Donna Fraissinet, Sheetal Sharma, and Hedi Molnar in Forgiveness. Photo by Vicki Cardona
(PLAINFIELD, NJ) -- Dragonfly Multicultural Arts Center, the nonprofit community theater, housed within the historic duCret Center of Art in Plainfield, presents its third annual one-act play festival from March 1-3, 2024. Set to showcase the vibrant talents of New Jersey playwrights, this year's festival will feature an eclectic line-up of five captivating productions, including four world premieres and one New Jersey premiere.
The festival promises to enchant audiences with its diverse array of storytelling. From poignant dramas to uproarious comedies, each play offers a unique and thought-provoking exploration of the human experience. The plays were chosen by a committee from over 100 plays that were submitted and have themes of love, death, and pirates.

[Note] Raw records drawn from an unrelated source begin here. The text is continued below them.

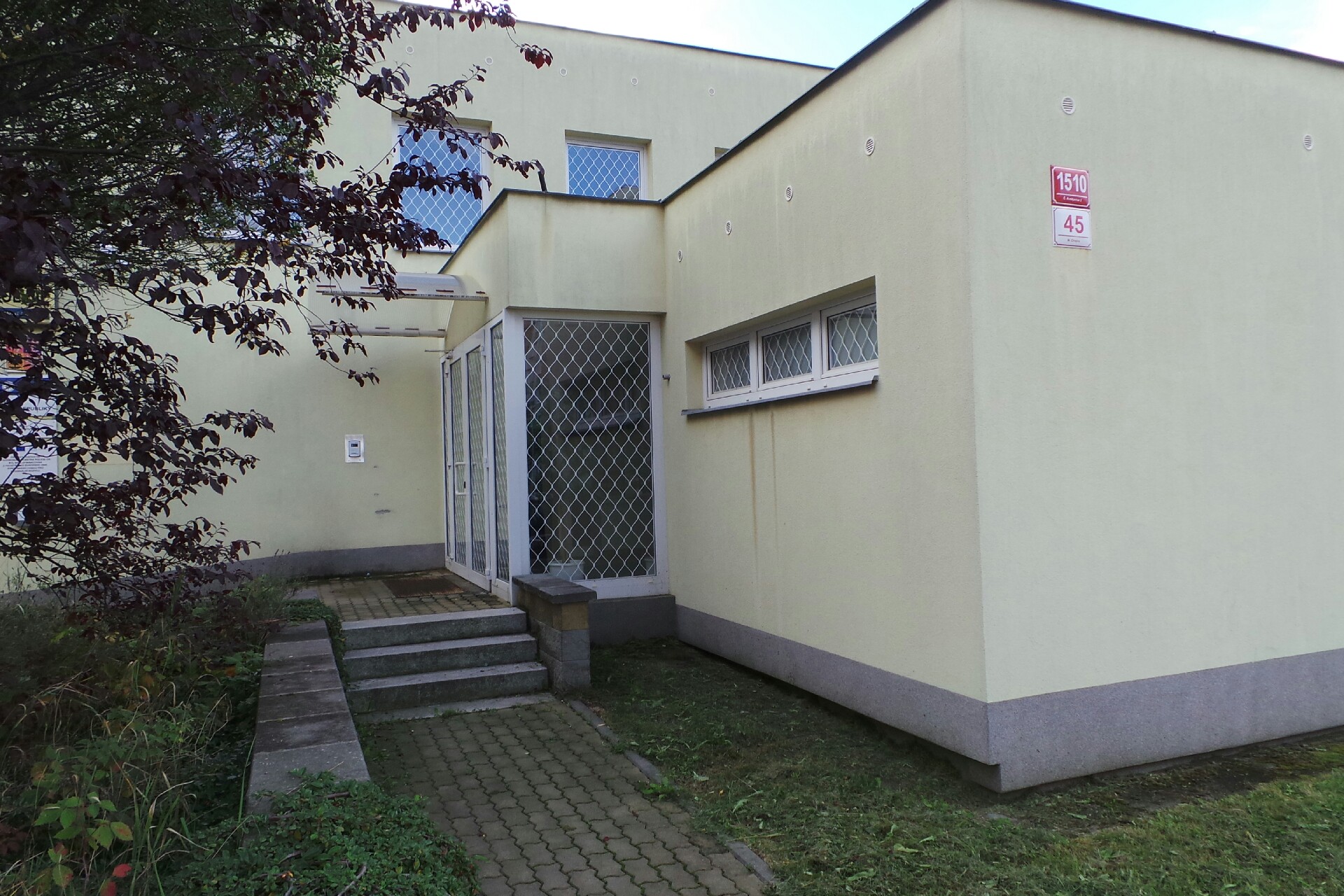 Policie ČR - Obvodní oddělení České Budějovice – Čtyři Dvory foto 2
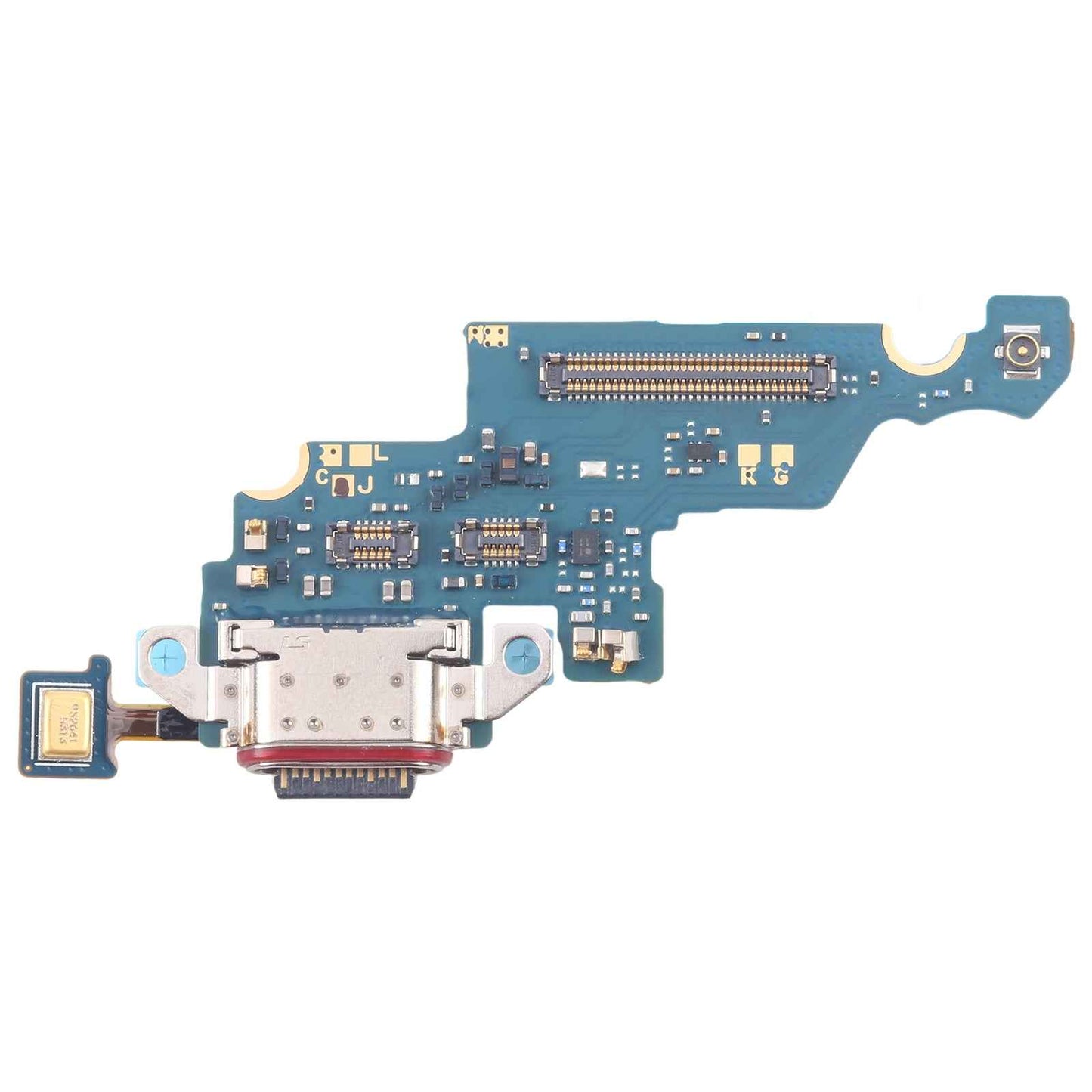 For-LG-Velvet-5G-EU-Version-Original-Charging-Port-Board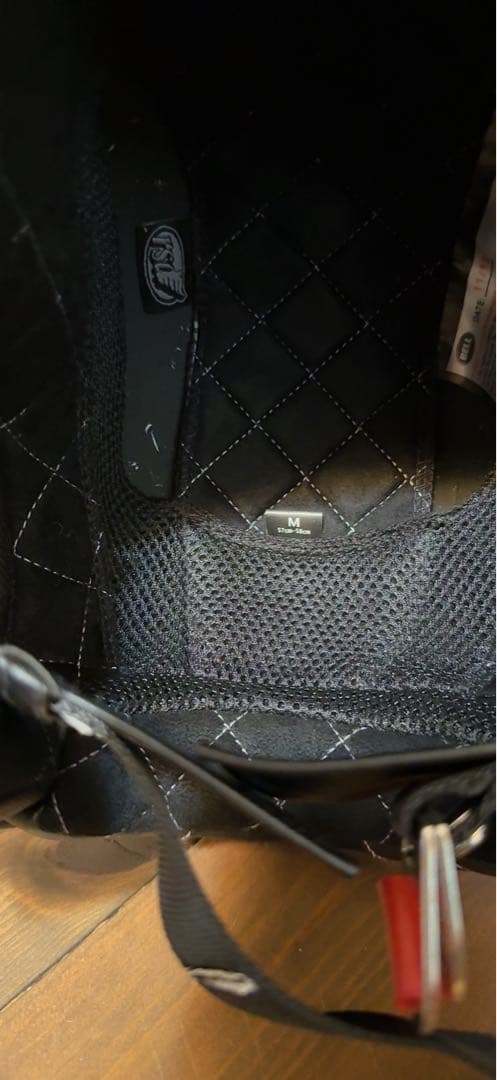 セール‼️美品‼️BELL CUSTOM 500 DELUXE HELMET M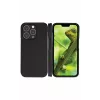 Folio Case dbramante1928 Lynge iPhone 14 Pro Must 3 kaarditaskuga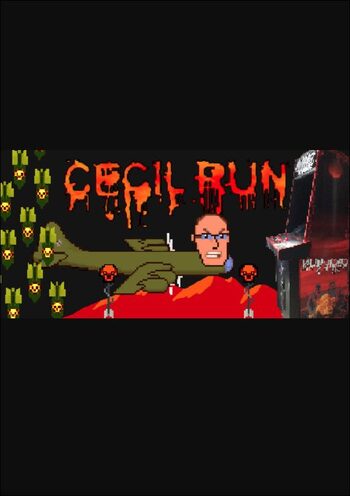 Cecil Run (PC) Steam Key GLOBAL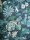 Liberty Fabrics Weymouth Viskose TROPICAL COVE – Viskosetwill Print Blau-Grün
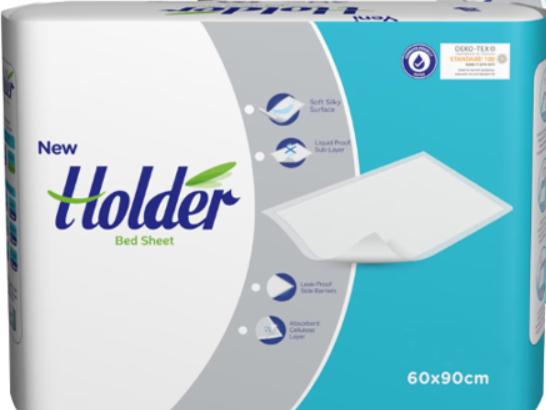 Пелюшки Holder Bed Sheet 60x90 см (869740535342_3)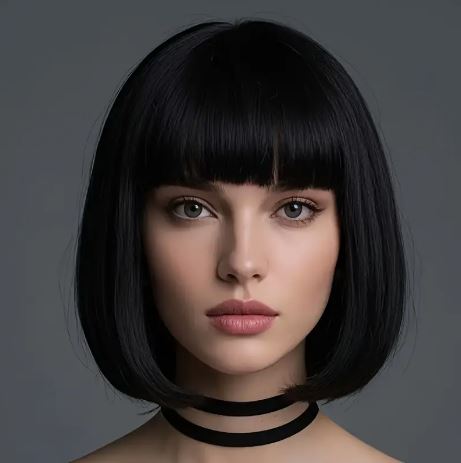 Peluca Cleopatra / Príncipe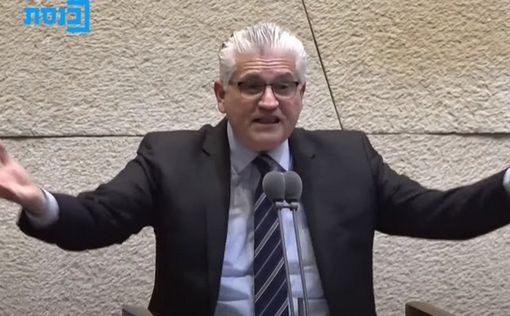 Эли Авидар выходит из фракции НДИ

The festival includes the comedy Dying is Easy by Charles Grayson of Morristown, directed by Catherine LaMoreaux. In the play, a movie star is visually breathing after his on-camera death. It ruins the shot, but the director doesn’t realize until after the movie wraps. What’s the crew to do?
Susan Cain McQuilkin of Moorestown has written Forgiveness, a ten-minute play about a widow and her friend on the way to a psychic to find out where the dead husband left the car registration. But the psychic reveals more than just the location of the registration. Forgiveness is directed by Jada Davis.

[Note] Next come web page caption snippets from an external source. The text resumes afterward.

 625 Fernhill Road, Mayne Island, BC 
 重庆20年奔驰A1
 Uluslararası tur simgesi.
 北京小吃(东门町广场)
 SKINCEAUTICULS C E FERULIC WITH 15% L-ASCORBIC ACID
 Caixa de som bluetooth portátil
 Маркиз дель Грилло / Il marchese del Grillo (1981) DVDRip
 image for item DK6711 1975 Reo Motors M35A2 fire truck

Josh Belmonte was seen last summer in Dragonfly’s production of Round and Round the Garden. This year, he’s written one of the one-acts, a ten-minute film noirish adaptation of the story of the spider and the fly. The play is directed by Jillana Kucey.

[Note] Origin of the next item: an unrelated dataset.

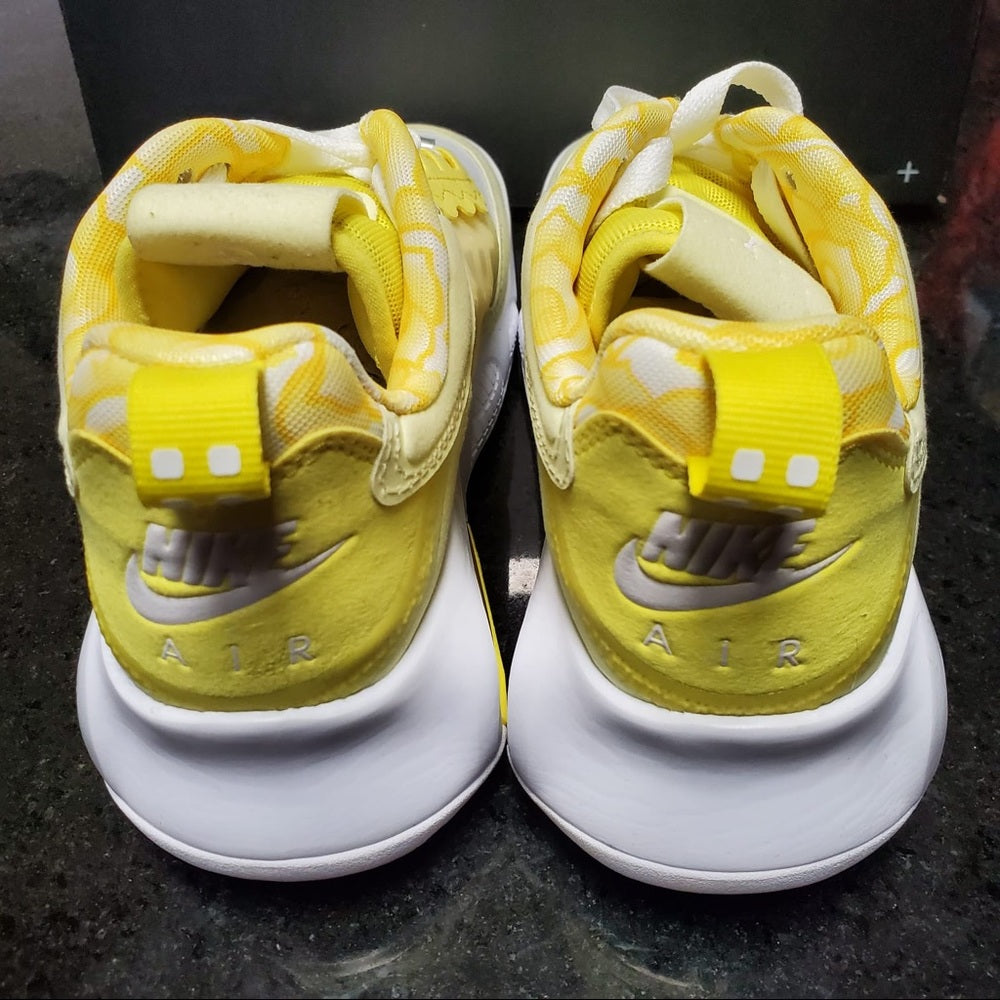 Sz Various Jordan 200 yellow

Lawrence Paone, whose full-length play Certifiably Yours premiered last spring at Dragonfly is back with a ten-minute play—Last Phone Call to Mom, about a young man on the brink of suicide. He calls his mother to say goodbye and can’t get a word in edgewise. Last Phone Call to Mom is directed by Mead Winters.
The final play, a ten-minute comedy, is Poetry, Prose…and Pirates by Ken Preuss. At a meeting of a writer’s group, an author realizes that all the other writers have written works that bear strange resemblances to her pirate story. Poetry, Prose is directed by Aidan O’Rourke with Catherine LaMoreaux.
Tim O’Connor and Annick Vasquez in Poetry, Prose... and Pirates, Photo by Xavier Stokely
Performances of the festival will take place Friday, March 1 and Saturday, March 2 at 8:00pm. Sunday, March 3 there will be a matinee at 3:00pm. Tickets are $10-15, available at the door or on Dragonfly’s website.
Dragonfly Multicultural Arts Center is a new kind of community theatre. They believe in quality productions, compensation for artists and craftspeope, and an organization that straddles--no, erases--the line between community and professional theatre. They're here for pre- and post-Equity actors; for actors who were unable to pursue acting full-time; for audiences hungry for quality entertainment without having to go to New York; and for students and educators who see the performing arts as the best way to learn.
Dragonfly Multicultural Arts Center is a 501(C)(3) nonprofit cultural organization.